Re: amd64/115126: [nfe] nfe0: watchdog timeout (missed Tx interrupts) -- recovering (UP with SCHED_ULE)

From: Luigi Rizzo <rizzo_at_iet.unipi.it> Date: Tue, 22 Apr 2008 09:28:39 +0200 · This archive was generated by hypermail 2.4.0 : Wed May 19 2021 - 11:39:30 UTC

related to this bug, i am seeing similar problems with RELENG_7 and amd64,
with an ASUS M2N-VM DVI motherboard
http://www.asus.com/products.aspx?modelmenu=1&model=1841&l1=3&l2=101&l3=567&l4=0
and an Athlon64-BE2400 dual core CPU .

Under heavy load, e.g. scp-ing a large file over the local network,
and at the same time doing a buildkernel or building a port,
and with X11 active (using the 'vesa' xorg driver)
the network card stalls and doesn't recover - i waited over 10 minutes
hoping for the watchdog or some timeout to kick in, the only way
to bring the link back up was

	ifconfig nfe0 down ; ifconfig nfe0 up
	dhclient nfe0

doing only ifconfig down/up or only dhclient did not help, i needed both.

vmstat -i says the network card has irq256 (???) and it is not shared with
other devices. Ehci, sound, ohci, ata, and others have low irq numbers
(6, 14, 20, 21, 22), some shared, some not.

Changing the bios setting for PnP OS from 'yes' to 'no' or viceversa
does not change the situation.

The stall seems related to the presence of other activity - if i
let the bulk scp transfer alone, i get an happy 10-10.5Mbytes/s
(over a 100meg link).

When the stall occurs, i see no interrupts (vmstat -i counts
for irq256 says the same),
Packets are still transmitted and received on the other side, it's
the rx side of the card that becomes deaf.

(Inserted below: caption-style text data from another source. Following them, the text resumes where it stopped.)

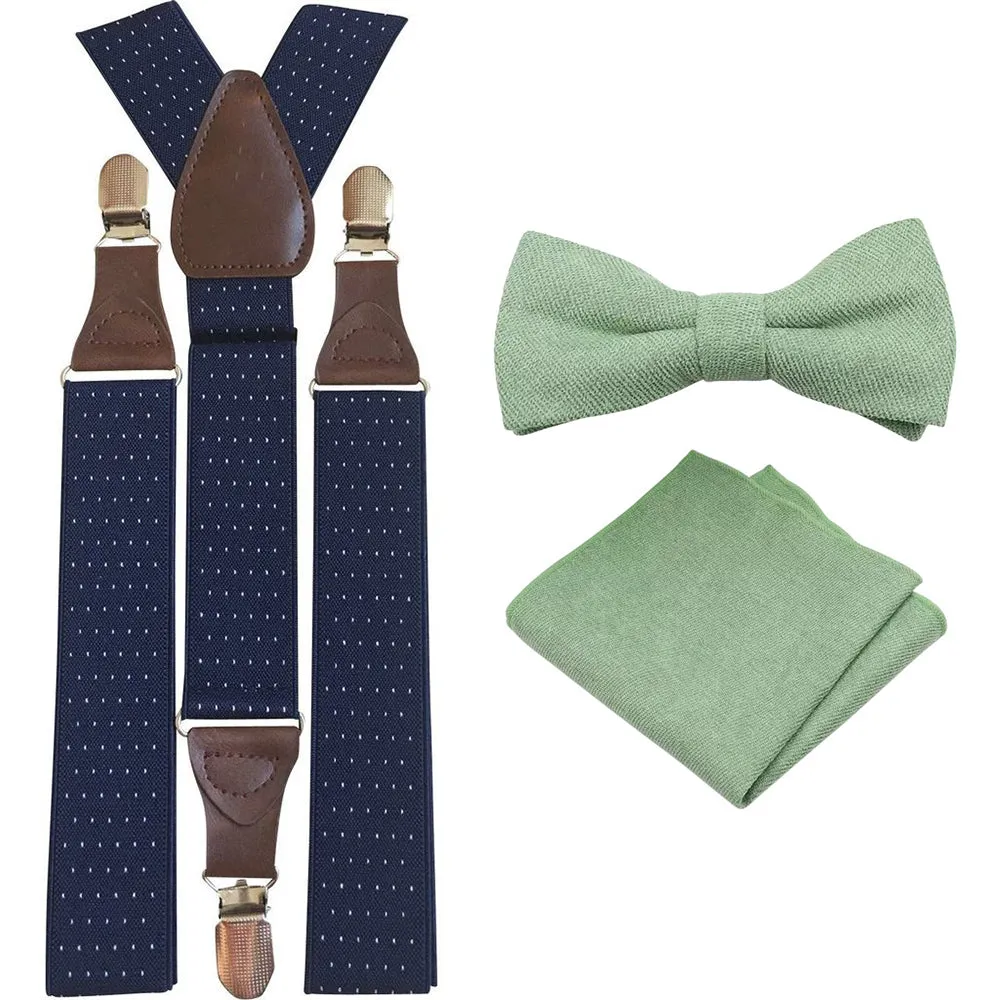 Harrison Sage Green Adult Cotton Bow Tie, Pocket Square and Navy Blue Polka Dot Braces Set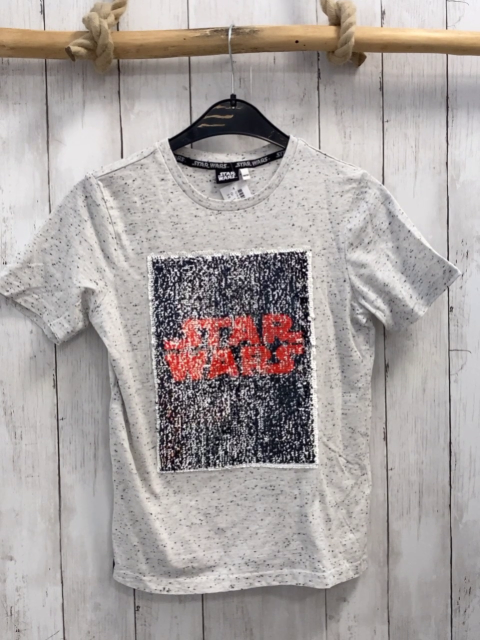   T-Shirt  Gr. 146/152  hellgrau graue Punkte Pailettenbild Star Wars 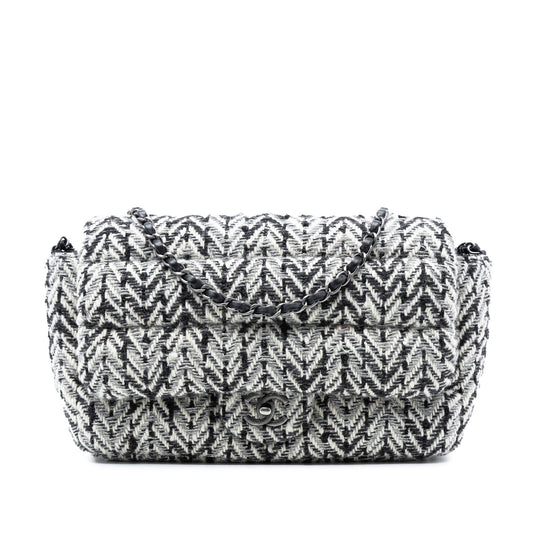 Chanel CC Herringbone Tweed Flap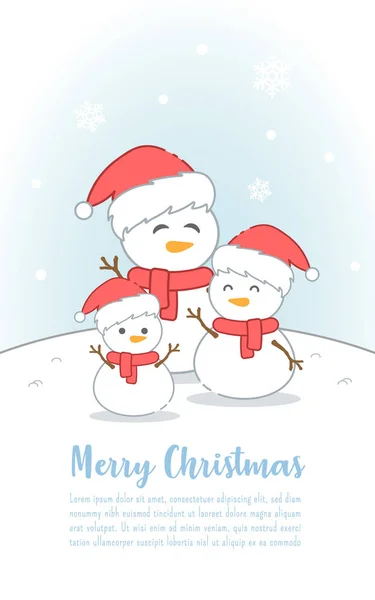 明信片横幅可爱卡通片雪人在圣诞节 圣诞快乐和新年快乐 — 图库矢量图片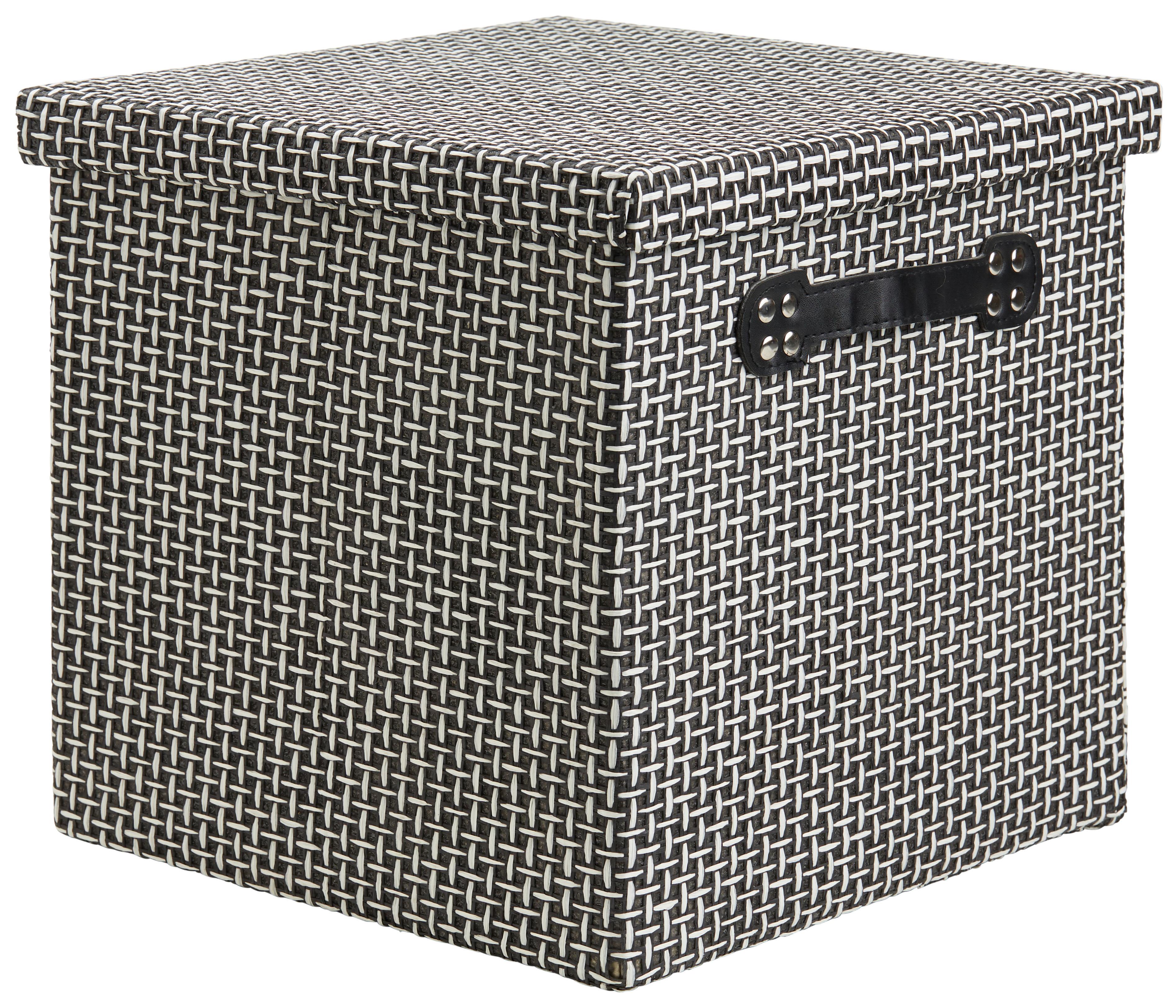 Box S Víkem Foldable -Paz- - bílá/černá, karton/textil (29,5/28/30cm) - Modern Living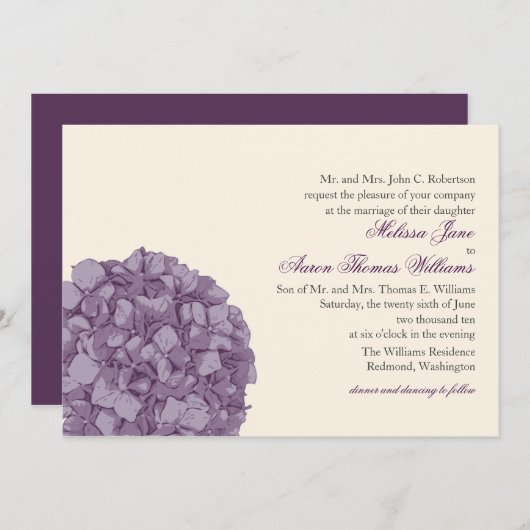 Uitnodiging tot weduwschap van Hydrangea (Voorkant / Achterkant)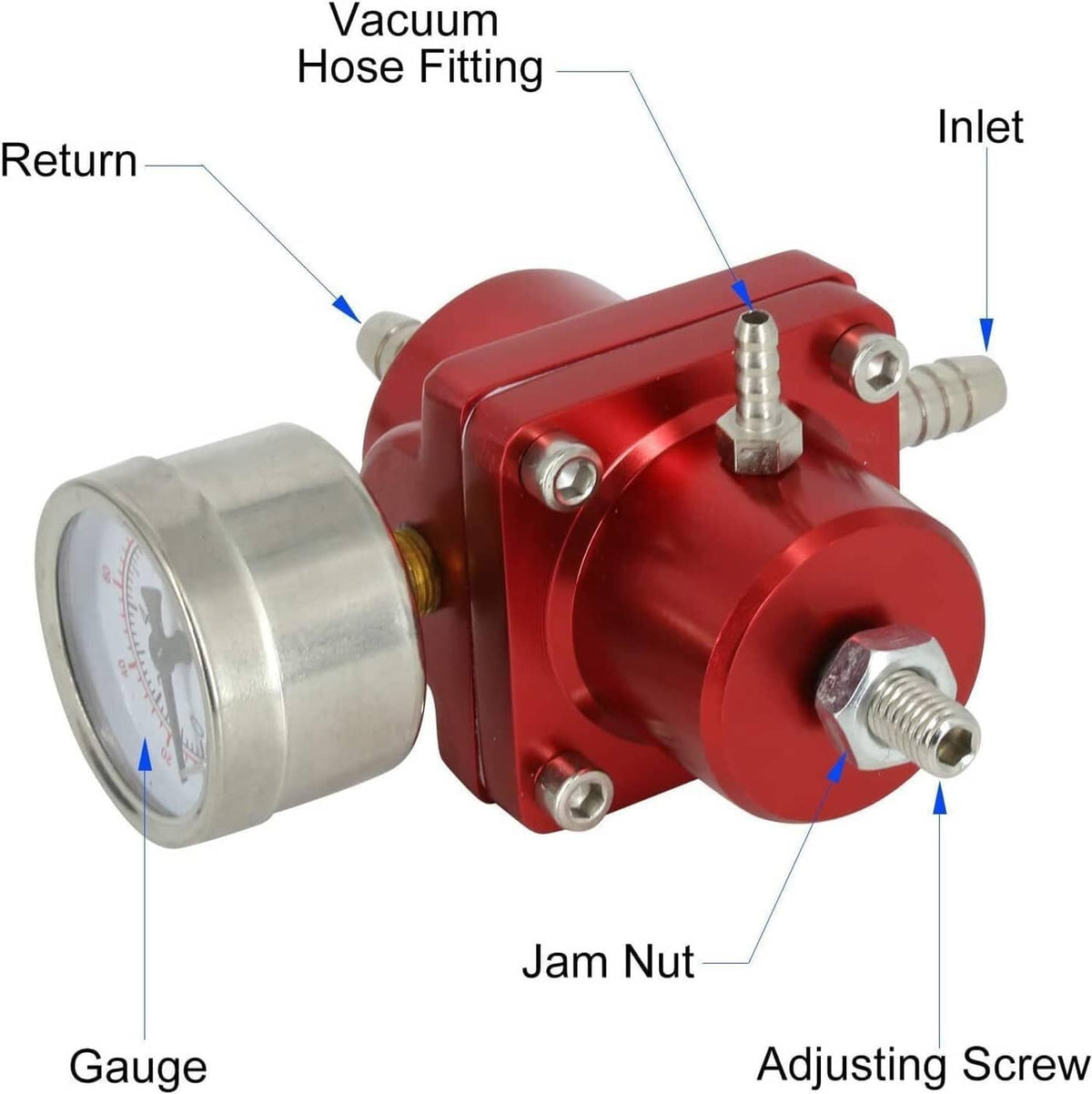 Red adjustable fuel pressure regulator with analog gauge and vacuum hose connection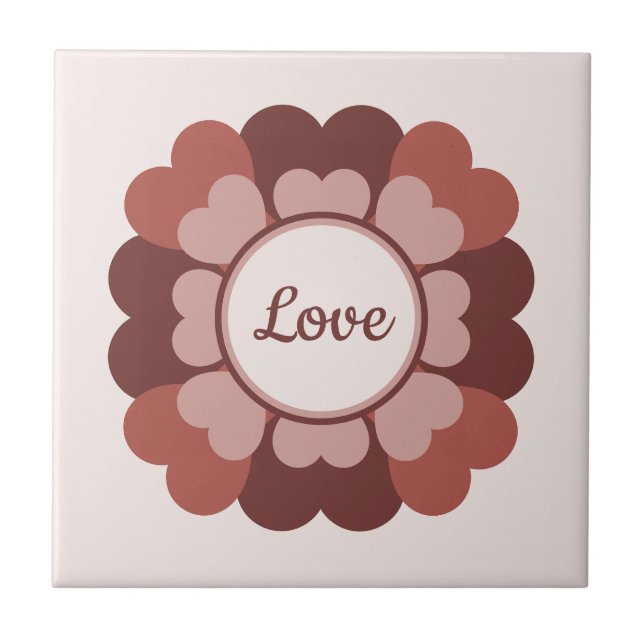 Heart Wreath  Ceramic Tile (Front)
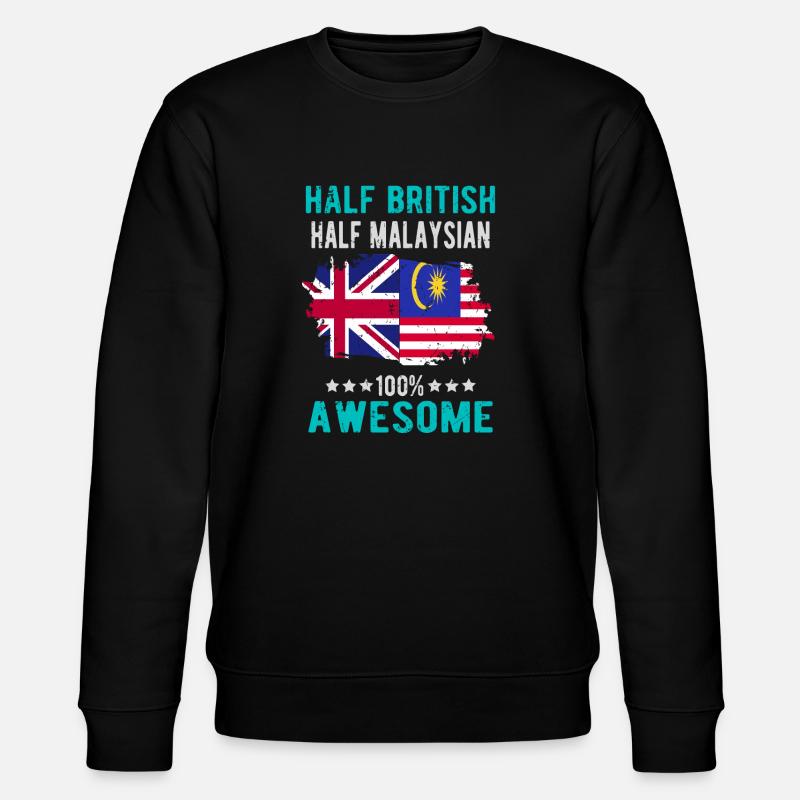 Half British Half Malaysian - Stanley/Stella CHANGER Unisex Organic Sweatshirt - black
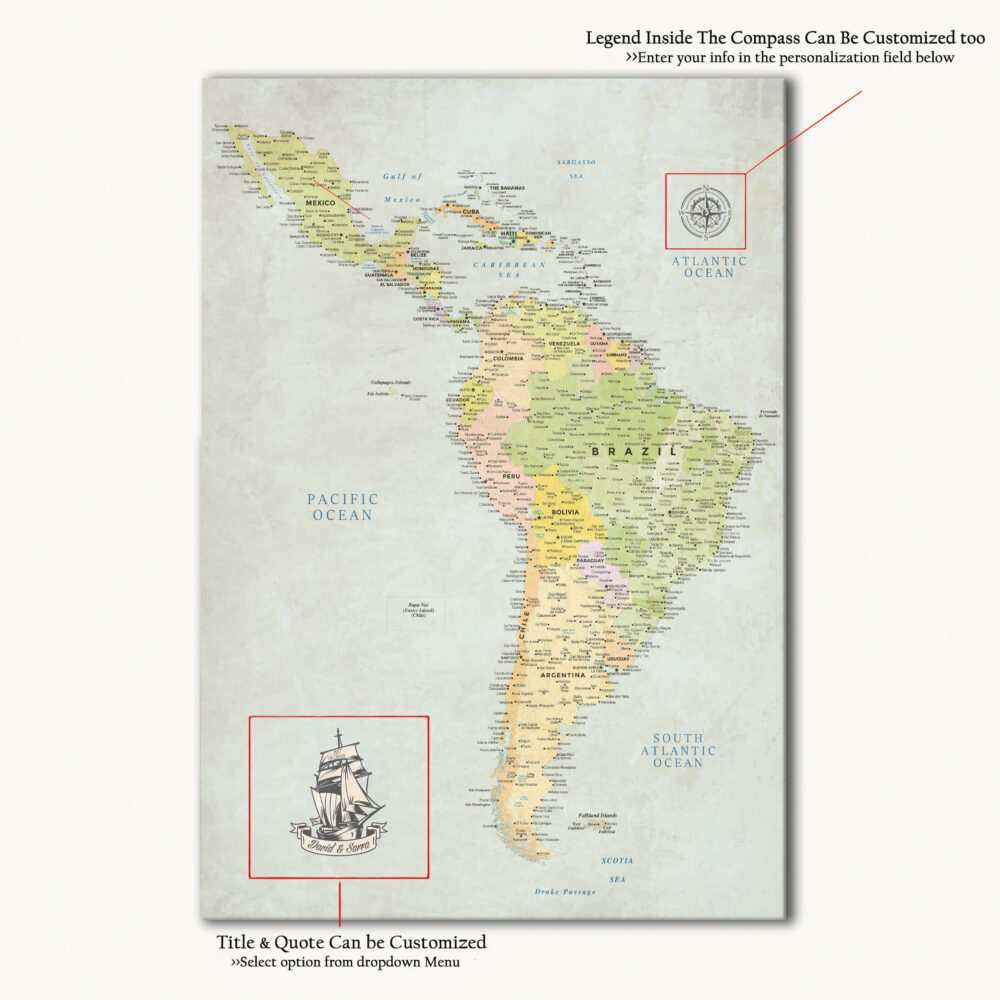 Classic South & Central America map detailed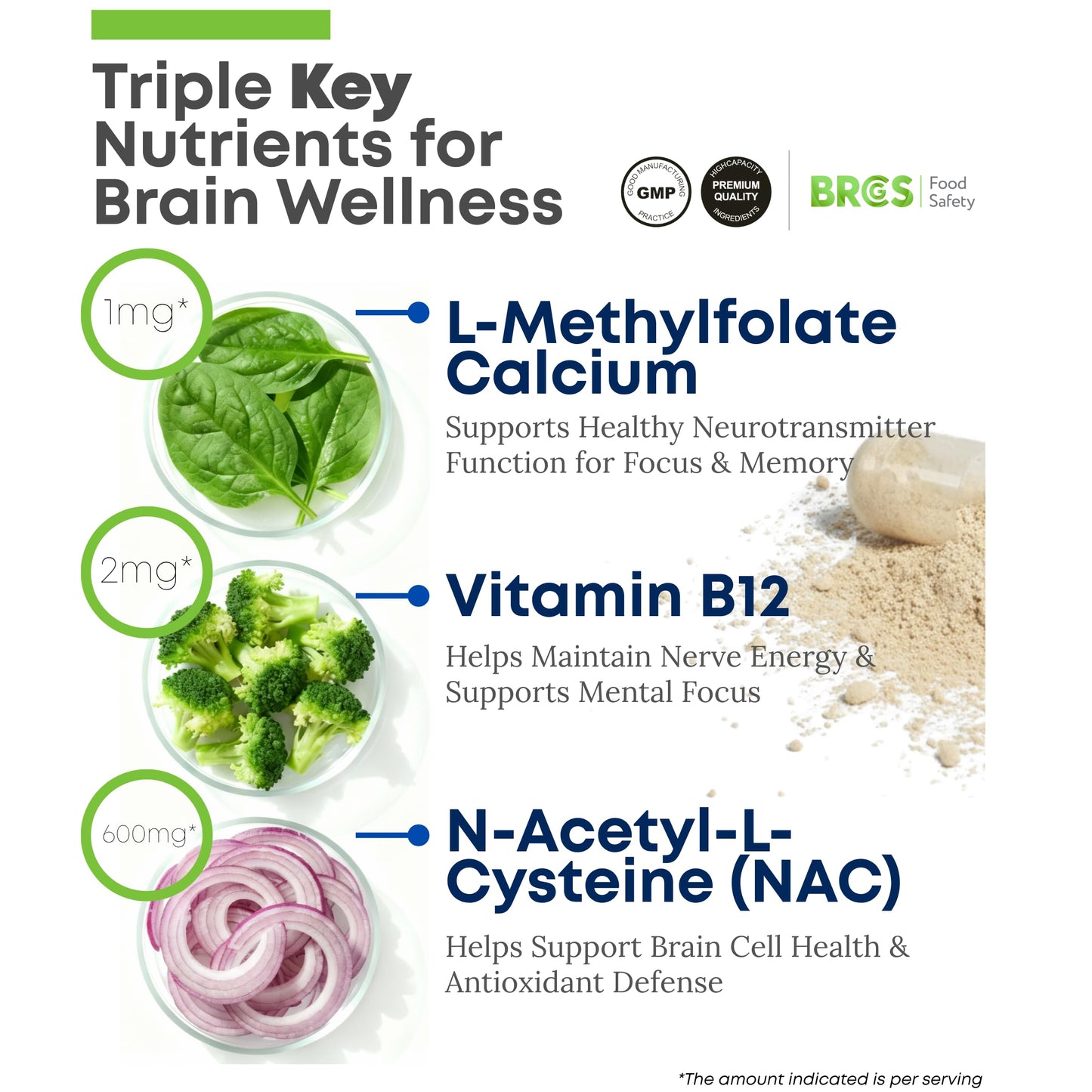 ONOTIC Brain Wellness Capsules with L-Methylfolate, NAC, Vitamin B12 for Memory & Focus, Vegan, Non-GMO, Gluten Free, 90 Capsules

I don't see any
watchdog timeout or other error messages in /var/log/messages.

Also, enabling polling does not help getting traffic in
(with a kernel built with DEVICE_POLLING,
doing sysctl kern.polling.enable=1 and "ifconfig nfe0 polling").

So i suspect that for some reason the rx ring becomes confused
and does not recover.

Hope this helps...

cheers
luigi